I am over a year late in buying the second album from Cold War Kids, finally picking up Loyalty to Loyalty prior to going to one of the band's gigs. I'm not sure why I didn't buy the album when it was released, as the debut album is a quirky and emotional collection of pop songs, one that I very much enjoy. The band have clearly progressed from the first album, yet keeping their familiar styles and sounds, but there is a spark missing from Loyalty to Loyalty, a quality only indefinable in that I expect to be liking the songs but find them dreary instead. Even seeing Cold War Kids live at the Electric Ballroom doesn't bring any of their new songs to life, instead only highlighting how much more accessible the songs from the first album are. Hopefully, Cold War Kids are only struggling through the difficult second album and will return for a third having rediscovered their muse.
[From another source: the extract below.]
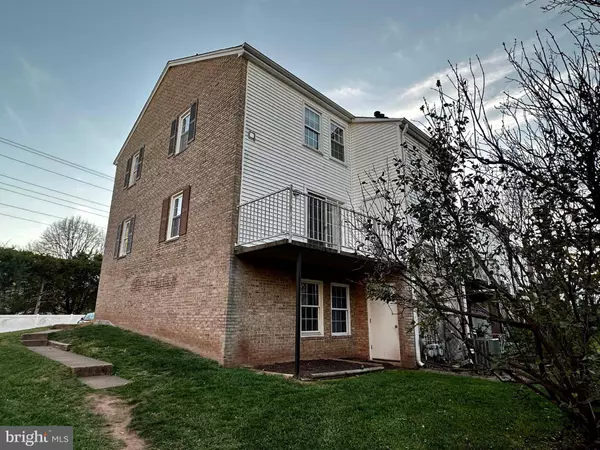 14350 AVOCADO CT, Centreville, VA 20121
Pink Mountaintops return to inject another dose of folk-rock with third album Outside Love. The understated, emotional and country-tinged songs build on the previous albums without feeling like an mere encore, revealing a new dimension to the music. Whilst there is nothing particularly remarkable about the new album, Pink Mountaintops once again deliver a solid and enjoyable release.

I first learn of It Hugs Back from a review in the NME, and am excited to turn up to see Holy Fuck at the Scala and find It Hugs Back supporting. I snap up debut album Inside Your Guitar from the desk in the lobby before dashing in to catch most of the band's performance, which is both subdued and exciting, a sensation I later relive listening to the album. Although Inside Your Guitar doesn't quite match seeing It Hugs Back live, the album is a fabulous collection of pop songs that border on shoegazing in all the best ways. The album is a wonderful addition to my library that will get plenty more plays, and I hope to see more of It Hugs Back in the future.

I have to admit that when I was considering buying The Seldom Seen Kid by Elbow earlier this year I was still somehow confusing them with Athlete, a band I am not particularly fond of, hence explaining my initial reluctance to buy the album. I think my confusion has cleared now, particularly with Athlete reappearing recently, and I have been listening to The Seldom Seen Kid quite a lot. From the opening blares interrupting the stillness of Starlings, to the catchy single Grounds for Divorce, and past the most uplifting anthem I have heard for years in One Day Like This, a thoroughly entertaining listen is only spoilt by the peculiar The Fix, which tells a drab story that refuses to end. But I won't let a single song ruin my enjoyment of this excellent album.

On first listening to Telegraphs I am greeted by what sounds like fairly generic rock. It's good but nothing really grabs me. But however generic We Were Ghosts may sound initially, it is never bland. There are subtle hooks that keep me coming back for more, until I realise I am listening to a great debut album from a seriously good band. Everything falls in to place. I am hearing the insightful and topical lyrics that stir emotions in me, what first sounds only like technical arrangements become nicely layered tracks that reward repeated listens, and the album fits together as a competent whole. Seeing Telegraphs live at Islington Academy 2 serves to solidify their position with me as a cut above the rest. I hear the band are recording their second album already.

With a name like The Joy Formidable there is no way I can resist buying debut album A Balloon Called Moaning. Although it seems difficult to find at first, I eventually order a copy easily enough through the band's website. The first song, The Greatest Light is the Greatest Shade, grabs me immediately and refuses to let go. Even when I reach the end, after the repeated last line stops to draw a breath, and I don't think I'll hear any music more glorious, another hook digs deep in to me and keeps my spirit lifted for the next song, and for each song afterwards, until the album sadly fades quietly, not wanting to announce its departure too loudly for fear of causing emotional distress. The Joy Formidable are in position to be my favourite new band.

Sad Day for Puppets is another band with a super name, compelling me to explore their music. The first album from the Swedish band is Unknown Colours, and it bops along quite merrily, with jaunty tunes and pleasing vocals, treading the line between pop and shoegazing. Every time I listen to Unknown Colours I get a sense that I want to enjoy the music, and although I recognise the songs when they are played none of them seem to stick in my memory. My impression is that the album is perfectly good, one that I will doubtless enjoy with each listen, and it is unfortunate only in that I buy it at the same time as some exceptional music that captures my attention more vividly.

Dinosaur Jr. are back with new album Farm, again featuring the full original line-up of the band. As can be expected, the songs are loud, lo-fi monsters, with guitar solos that impress without either wailing hideously or forgetting the music as a whole. J. Mascis's unmistakable vocals are superbly layered over the fuzz of the overdriven guitars and full drums, as song after song feels like it could pound my in to submission if only each one weren't pumping adrenalin directly in to my pleasure system.